Tribunal Administratif de Rennes — Décision N° TA35-2401888

lundi 17 juin 2024

JuridictionTribunal Administratif de Rennes
SectionTribunal Administratif de Rennes
N° DossierTA35-2401888
TypeDécision
RecoursPlein contentieux
PublicationC
FormationVice-président de la 5 ème chambre

Texte intégral

Vu la procédure suivante :

Par une requête et un mémoire, enregistrés respectivement les 3 et 18 avril 2024, M. C B demande d'annuler la décision du 10 novembre 2023 par laquelle le directeur régional des finances publiques de Bretagne et du département d'Ille-et-Vilaine a rejeté sa demande tendant au bénéfice de l'indemnité temporaire de retraite.

Il soutient que ses intérêts moraux se trouvent à La Réunion.

Par un mémoire en défense, enregistré le 16 avril 2024, le directeur régional des finances publiques de Bretagne et du département d'Ille-et-Vilaine conclut au rejet de la requête et à ce que les dépens soient mis à la charge de M. B.

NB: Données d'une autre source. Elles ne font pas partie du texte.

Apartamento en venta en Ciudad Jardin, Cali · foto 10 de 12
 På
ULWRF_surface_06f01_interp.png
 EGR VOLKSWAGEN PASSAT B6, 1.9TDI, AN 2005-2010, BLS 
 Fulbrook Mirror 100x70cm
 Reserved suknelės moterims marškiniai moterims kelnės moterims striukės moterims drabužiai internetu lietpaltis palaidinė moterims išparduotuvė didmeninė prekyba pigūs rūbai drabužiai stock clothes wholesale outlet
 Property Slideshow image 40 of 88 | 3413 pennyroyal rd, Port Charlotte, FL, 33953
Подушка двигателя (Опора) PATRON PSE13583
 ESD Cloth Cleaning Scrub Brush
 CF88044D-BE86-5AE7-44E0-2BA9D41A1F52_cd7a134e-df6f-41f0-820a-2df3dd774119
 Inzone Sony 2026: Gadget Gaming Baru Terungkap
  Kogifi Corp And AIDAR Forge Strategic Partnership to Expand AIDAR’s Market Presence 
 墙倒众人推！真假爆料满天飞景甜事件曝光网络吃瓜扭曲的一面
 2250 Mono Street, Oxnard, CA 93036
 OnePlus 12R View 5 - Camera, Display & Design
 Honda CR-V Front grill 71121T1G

Il fait valoir que les moyens soulevés par M. B ne sont pas fondés.

Par un mémoire, enregistré le 28 mai 2024, le ministre de l'économie, des finances et de la souveraineté industrielle et numérique déclare s'associer aux observations et conclusions du directeur régional des finances publiques de Bretagne et du département d'Ille-et-Vilaine.

Vu les autres pièces du dossier.

Vu :

- la loi n° 2008-1443 du 30 décembre 2008 de finances rectificative pour 2008 ;

- le décret n° 78-399 du 20 mars 1978 relatif à la prise en charge des frais de voyage du congé bonifié accordé aux magistrats, aux fonctionnaires civils de l'État et aux agents publics de l'État recrutés en contrat à durée indéterminée ;

- le code de justice administrative.

Le président du tribunal a désigné M. A en application de l'article R. 222-13 du code de justice administrative.

Les parties ont été régulièrement averties du jour de l'audience.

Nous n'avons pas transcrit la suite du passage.